中には「将来にかけて家賃収入が安定する」といったうたい文句で営業をかけてくる会社もあります。
 中にはしっかりと管理・営業・運用している業者もあり一概に批判ができませんが少しでも違和感を覚えたら弁護士に相談をするようにしましょう。
 違和感の具体例は以下のものがあります。

  • 未来など不確定なことに関して言い切って営業している
  •  未来のことは誰にもわかりません。将来的に保障する、何十年契約でなどと言い切っている業者の場合は口頭で話を聞くのではなく録音や書面に
    書いてもらうなど対処をしましょう。

  • 担当者が毎回異なる
  •  担当者が毎回異なると会社としての信用が失われます。
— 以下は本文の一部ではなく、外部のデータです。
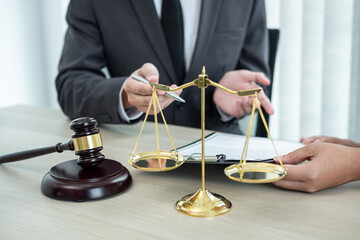 Male lawyer or counselor discussing negotiation legal case with client meeting with document...
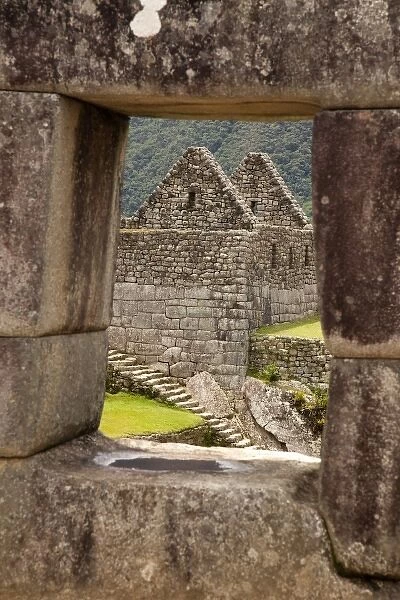 South America, Peru, Machu Picchu. Ruins of a house framed by a stone window. (UNESCO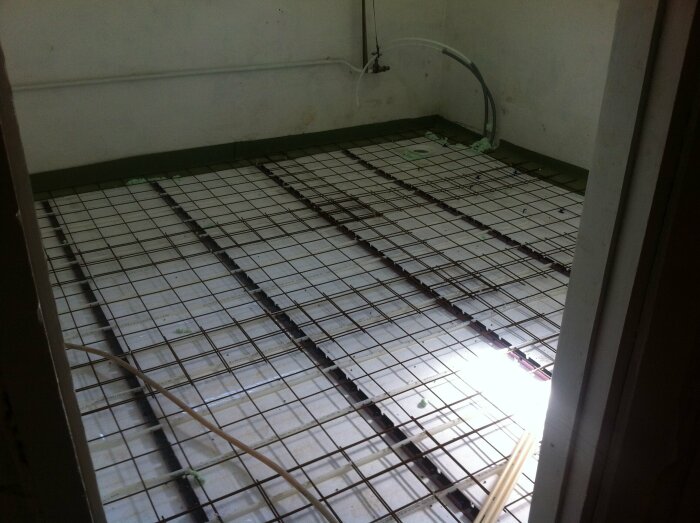 Installation av golvvärme med nätmattor och rör före betonggjutning i ett rum under renovering.
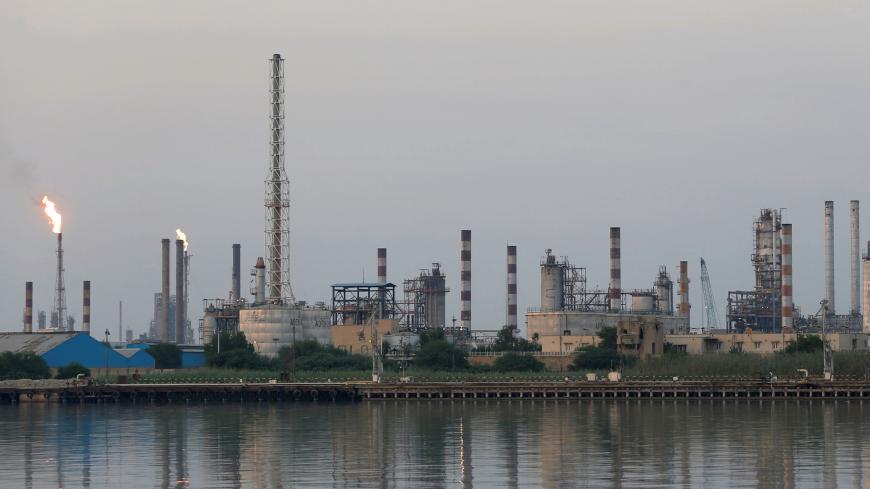 A general view of Abadan oil refinery in southwest Iran, is pictured from Iraqi side of Shatt al-Arab in Al-Faw south of Basra, Iraq September 21, 2019. REUTERS/Essam Al-Sudani - RC171C70A610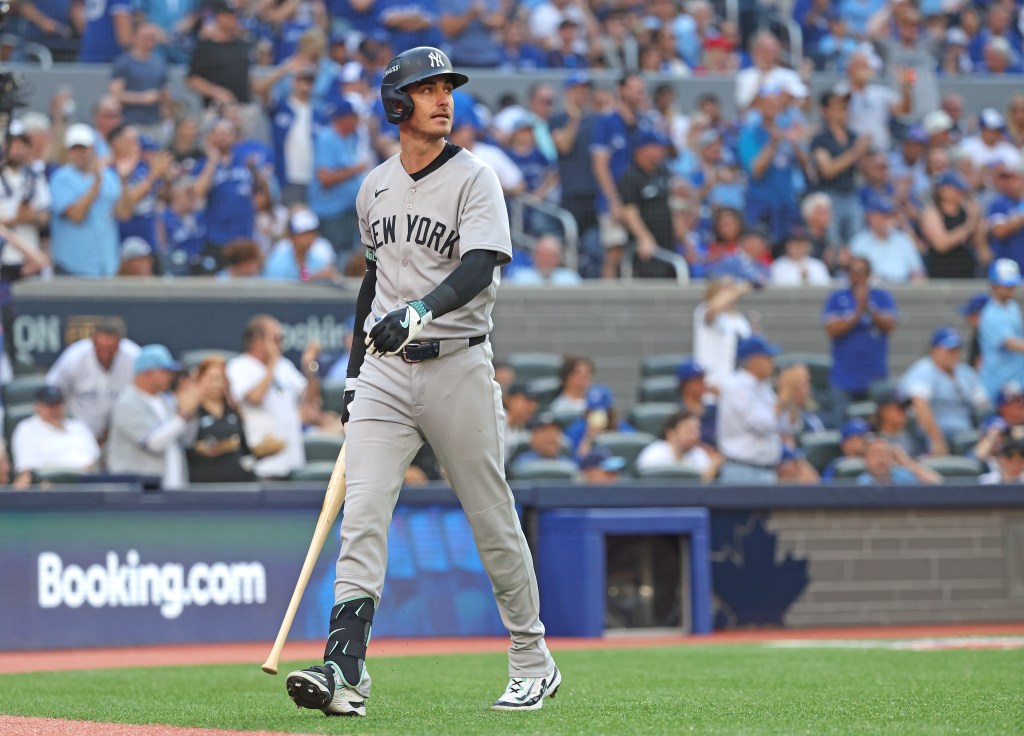 Cody Bellinger #35 of the New York Yankees reacts after he strikes out swinging during the fourth inning against the Blue Jays. 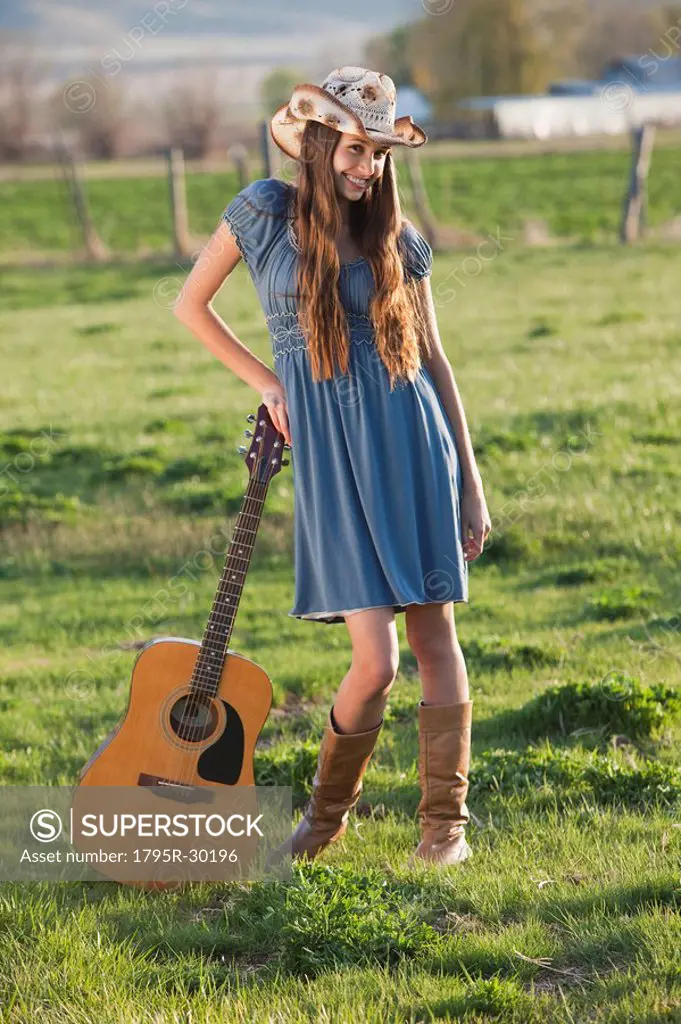Long haired cowgirl holding guitar in field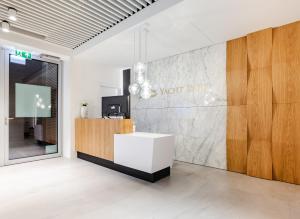 a lobby with a white counter and a wall at Apartament Faltom Gdynia Yacht Park in Gdynia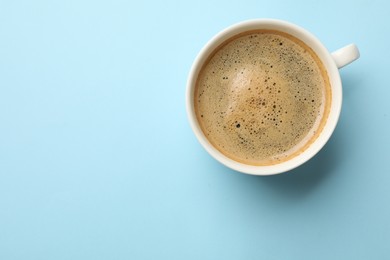 Aromatic coffee in cup on light blue background, top view. Space for text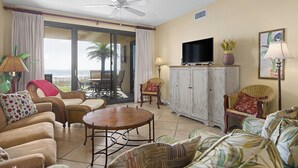 Amplia sala de estar con ventilador de techo, televisor grande, mobiliario de mimbre y vistas al exterior.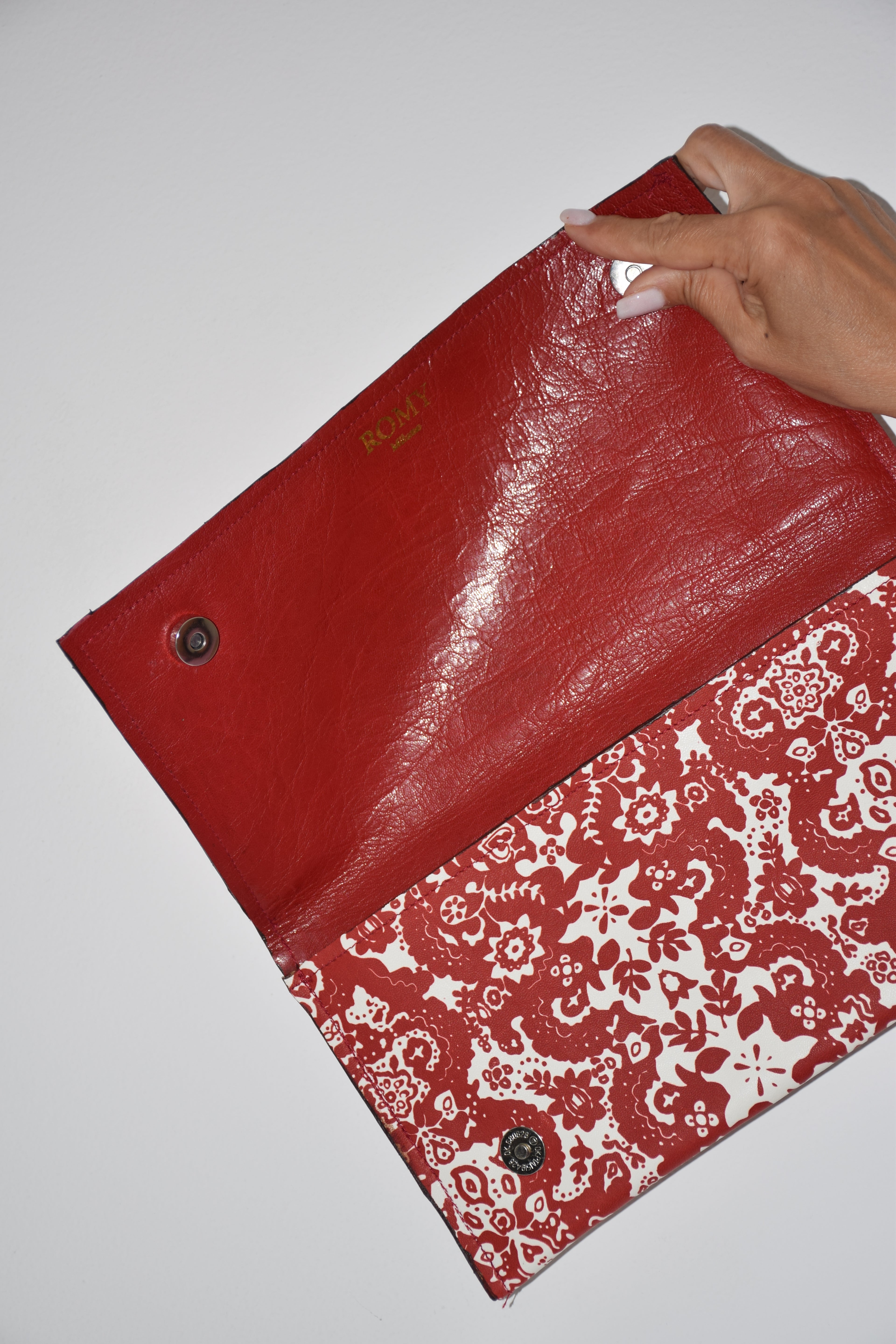 Clutch fantasia rosso e bianco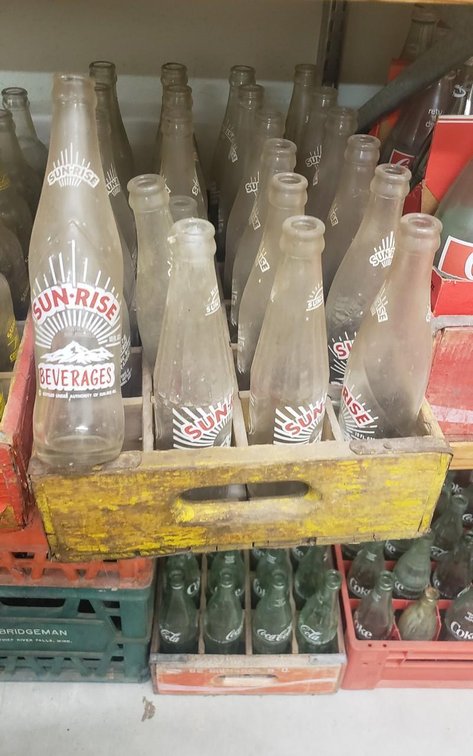 Sunrise Beverage bottles in yellow case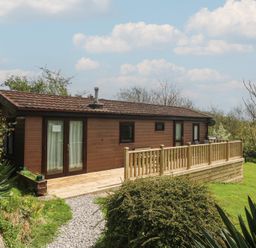 A cabin with a deck and landscaping at Castell Chalet in Penrhos near Pwllheli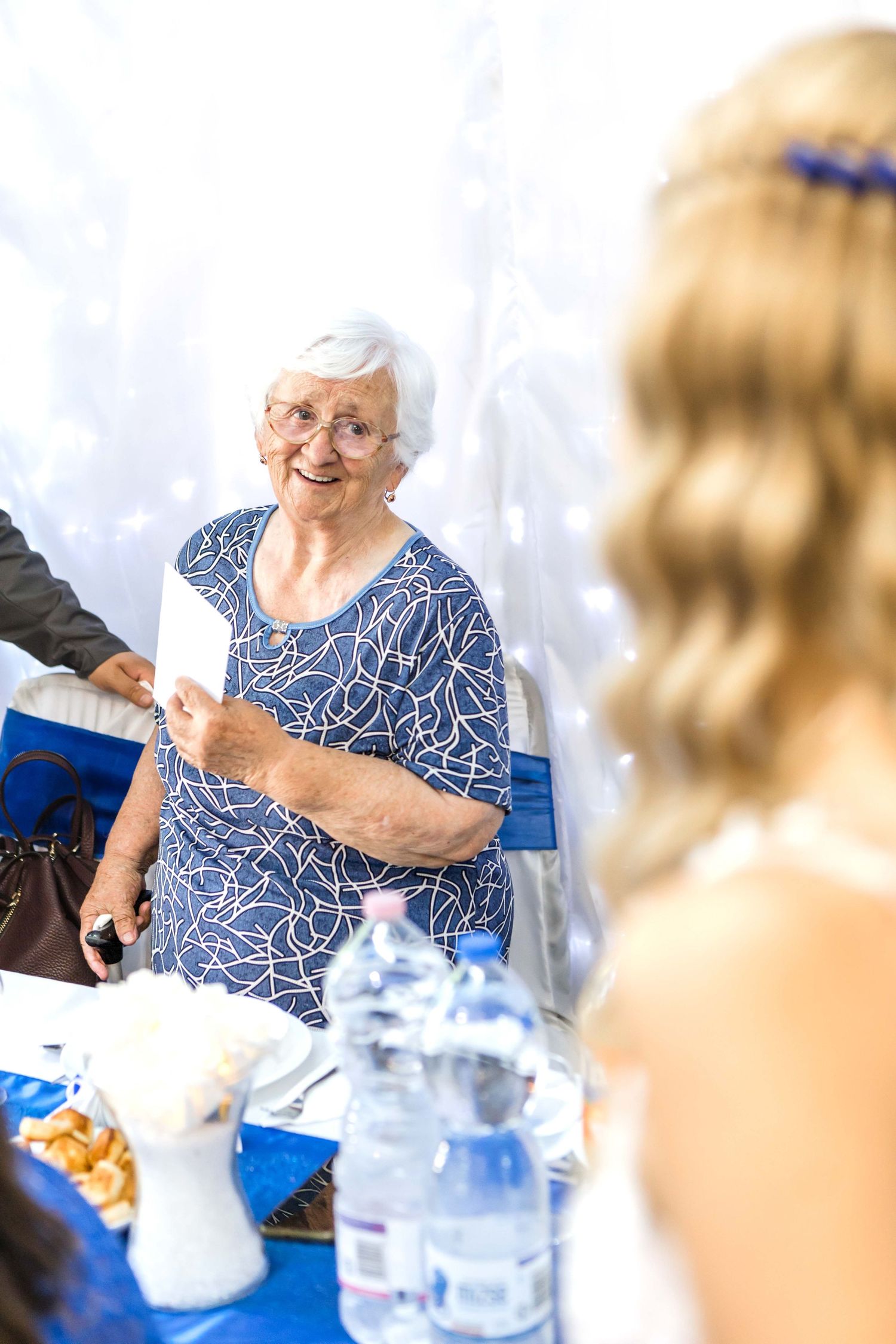 Senior in a blue patterned top sits at a dining table with water glasses and decorative settings.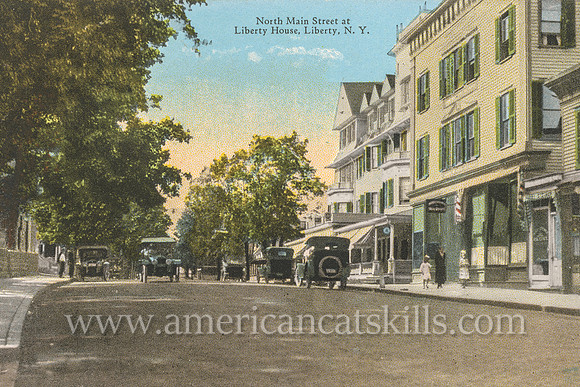 Vintage postcard from photographer Otto Hillig showing North Main Street in the village of Liberty in Sullivan County, New York.
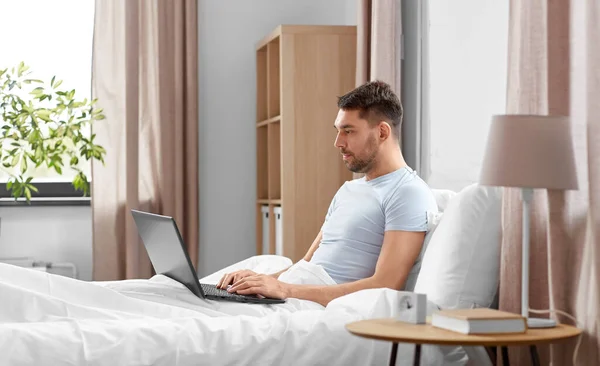 人と技術とリモートの仕事の概念 ラップトップコンピュータを持つ男が自宅のベッドルームに横たわっている — ストック写真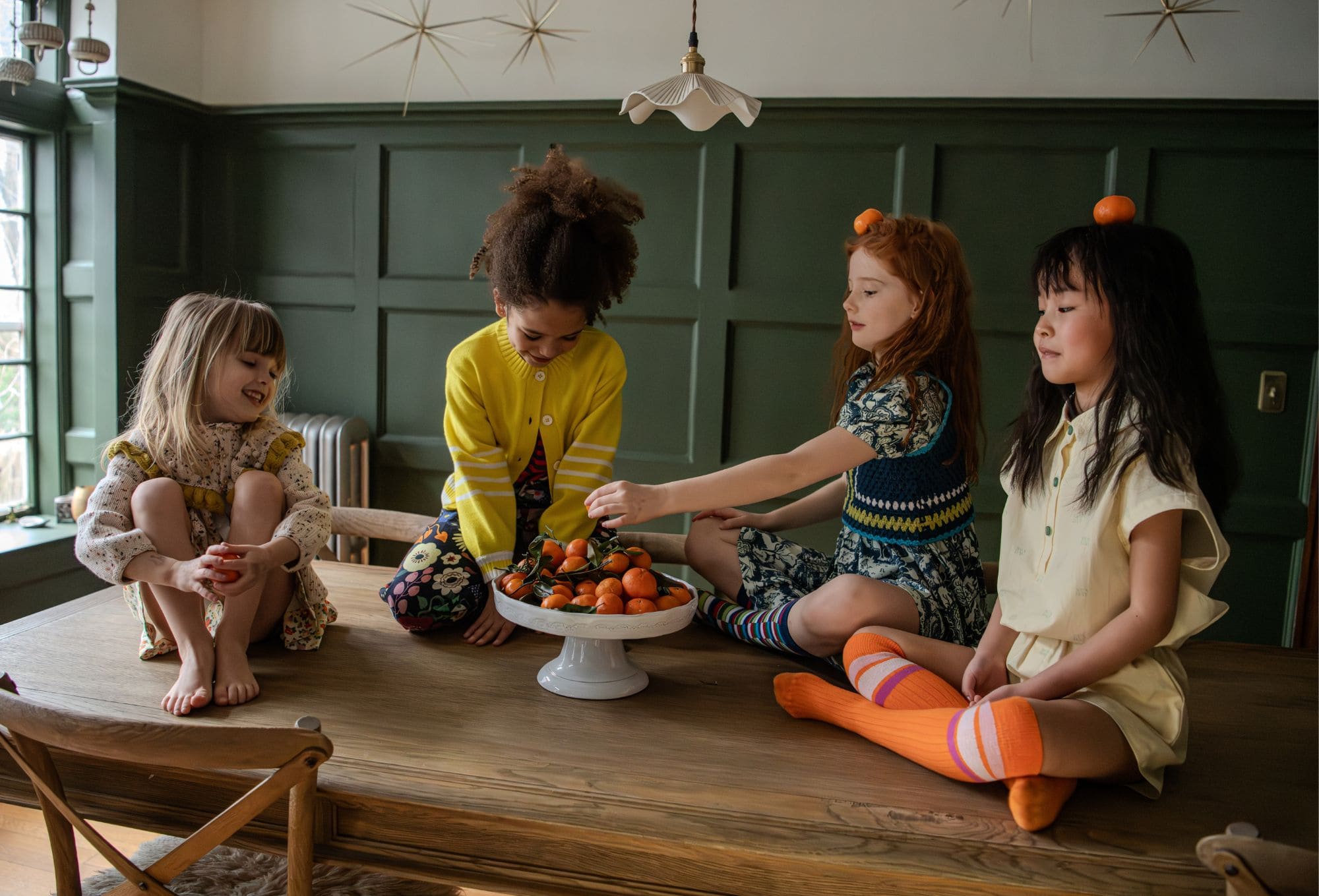 Alt text: Four young girls sit together on a large wooden table in a cozy, sunlit room with green paneled walls. In the center is a white pedestal bowl filled with vibrant tangerines. One girl, wearing a floral dress with a yellow collar, sits cross-legged and smiles while holding a fruit. Another girl in a yellow cardigan reaches toward the bowl, while the girl next to her wears a crochet vest and balances a tangerine on her head. The fourth girl, in a pale yellow romper with bright orange socks, also balances a tangerine on her head with a calm expression. Photo by Sabrina Helas.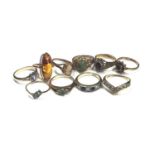 Seven 9ct gold gem set dress rings, gold (583) amber ring, gold (333) blue stone ring and a yellow m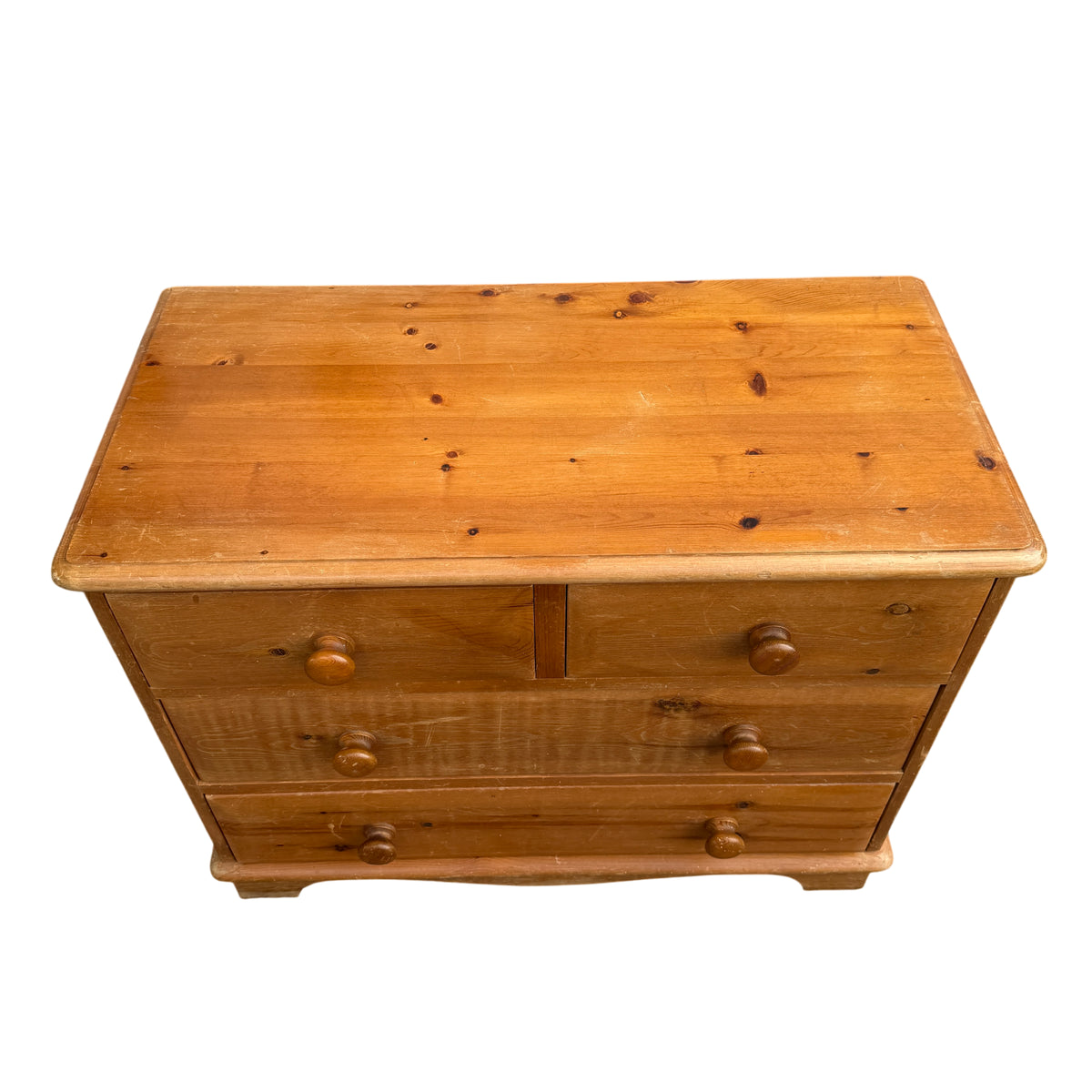 Pine bedroom chest featuring turned wooden knob handles and shaped plinth base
弁護士へ相談して会社の情報を調べてもらう、対応を弁護士に変わってもらうなど対処方を取るのが良いでしょう。

  • 営業所が現住所より遠い
  •  何かあってもすぐに駆けつけてくれない業者は親身になって対応してくれると考えにくいです。

  • 大手バンクや自分の住んでいる地方銀行で融資させようとしない
  •  通常、融資を受ける際は大手メガバンクを第一選択に入れるのではないでしょうか。もちろん事業の大小や借り入れ金額によっては地方銀行など地域性豊かな銀行を選ぶことがあるでしょう。
     自分の住んでいる地方銀行を選べない場合は少し違和感を覚えますよね。
    例えば北海道に住んでいる人が沖縄の地方銀行を利用するのは違和感を覚えます。

まとめ

 長期借り上げを名目に高齢者を狙ってアパートを建てさせる悪質企業がいるのは事実です。アパート経営を今までしたことがない人は長期で借り上げてくれるのと思い込んでしまいなすが実際に契約書には家賃減額交渉が含まれているのがほとんどです。家賃が下がってしまえば銀行からの借り入れを返済するのが大変になりますよね。そこにつけこんでアパート管理を最終的にはオーナーへ返してしまうのです。
 業者はアパート建設の段階で建設費に上乗せ分を乗せているのでアパートを建てさせれば利益のほぼ半分を得ることができるのです。
残りの半分の利益は10年ほどアパート管理を代行すれば得ることができます。
もし土地活用をするためにアパート経営の話が来たらできるだけやり取りを書面や録音して残しておくようにしましょう。そして何か業者に違和感があれば弁護士へ相談するようにしましょう。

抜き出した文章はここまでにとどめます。